Dominik Lipnicki MM blog

The average price of a house has always decreased as consistently as the temperature the further north you travel in this country.

It is one of the key definitions of our north-south divide and mortgage brokers are perhaps more familiar than anyone else with the stark variations in prices of very similar houses from region to region.

Nevertheless, the release of this month’s annual house price statistics from the Land Registry still had me gasping in disbelief. The gulf between average house prices in our major cities across the country is staggering and the gap between average house prices in London and pretty much everywhere else is particularly telling.

We are talking about a whole different economy in the capital, with average prices in Greater London up 9.3 per cent compared with a 0.5 per cent fall in the north and a 14.6 per cent fall in Northern Ireland.

This means the job of a mortgage broker also varies widely depending on your patch. For example, there are very different challenges to face in the north-eastern town of Hartlepool, where annual prices are down 9.5 per cent compared with the London borough of Kensington and Chelsea, where prices are up a no less than 20.2 per cent.

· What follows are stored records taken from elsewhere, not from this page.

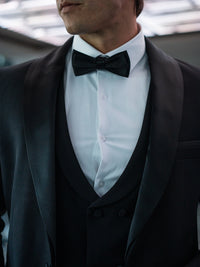 V2 Essential Tuxedo - Black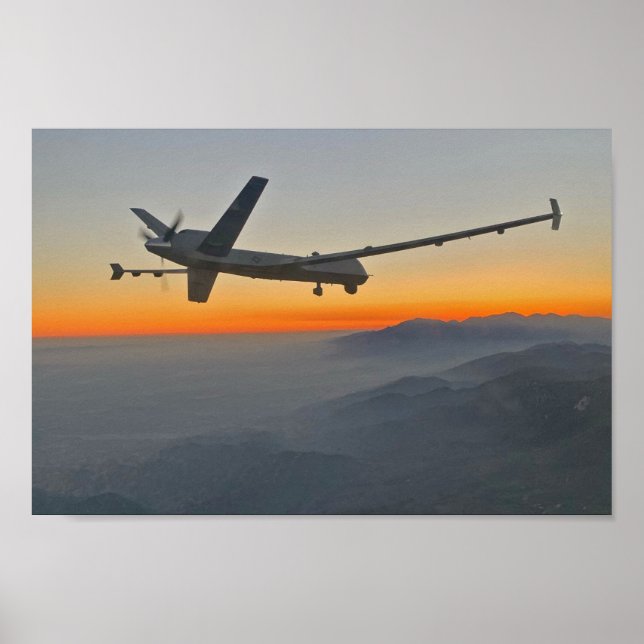 Póster MQ-9 Reaper en Montañas (Frente)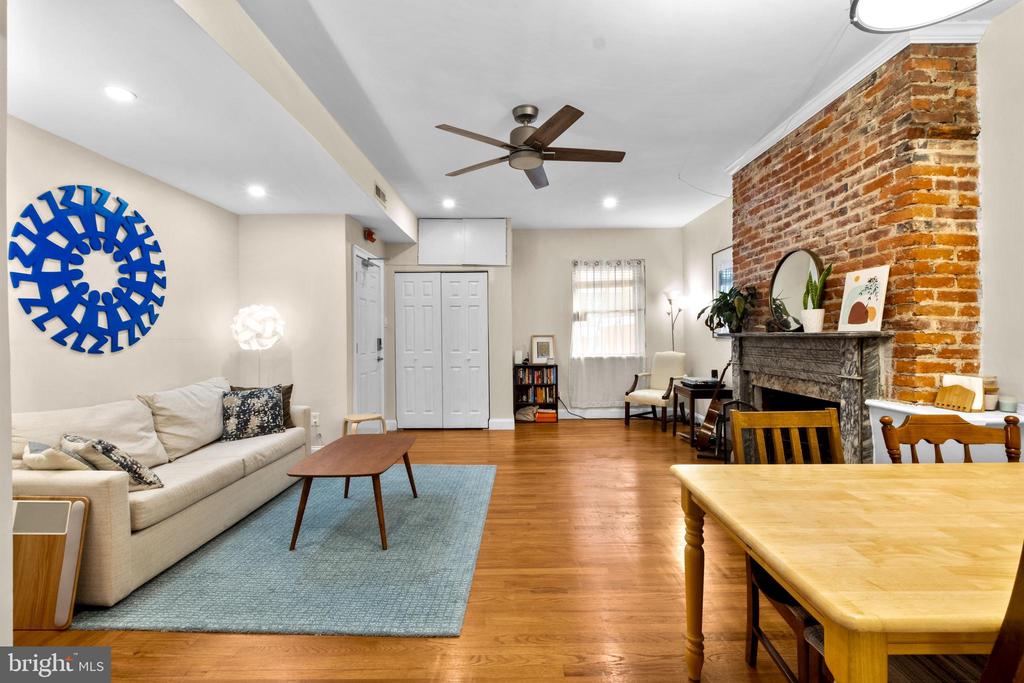 1121 WALNUT STREET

Many clients, particularly in the north, are simply stuck. Unable to sell, move or even re-mortgage, they are in a vicious cycle of a stagnant market and tumbling house prices.

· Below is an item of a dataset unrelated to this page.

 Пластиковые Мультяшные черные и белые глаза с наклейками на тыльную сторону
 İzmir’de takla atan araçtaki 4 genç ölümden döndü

It does not help that valuers in these areas also tend to be pessimistic when valuing a property for the lender.

For mortgage brokers in the region this means mortgages often fall away after the groundwork has already been done. If the property in question is a new build flat the problem is exacerbated even further as lenders want to limit their exposure and only lend to a percentage of the flats in a single development. It is extremely challenging for brokers who need to break the news to their clients that their property is worth 20 per cent less that they thought.

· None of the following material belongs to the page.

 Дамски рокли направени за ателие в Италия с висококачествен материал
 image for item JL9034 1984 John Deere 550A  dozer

With falling prices in areas like Hartlepool, County Durham and Blackpool more and more people are simply walking away from their debt, leading to repossessions and further dips in house prices.

However, local brokers are still able to turn around a good proportion of mortgage leads now that so many of their counterparts are leaving the industry or heading down south for an easier ride.

The same can not be said for many places in Scotland and Northern Ireland. Some districts have taken such a hammering in terms of house prices that many brokerages – including my own – have relocated brokers from these areas.

Of course, it is not all rosy in the south for brokers as more and more competition heads down the country to compete for the same leads. And brokers are not the only ones. As more people migrate to London and the surrounding areas to take advantage of better economic and employment prospects, the supply and demand ratio pushes housing prices up even further.

Average rents are at a record high in London. This does mean that brokers can stack up the client numbers in the buy to let market, which is proving a great investment.

The Government could do much to help our clients and get more fluidity in the market by setting up regional stamp duty breaks or state-backed mortgage indemnity guarantees not just for new-build properties but for whole regions.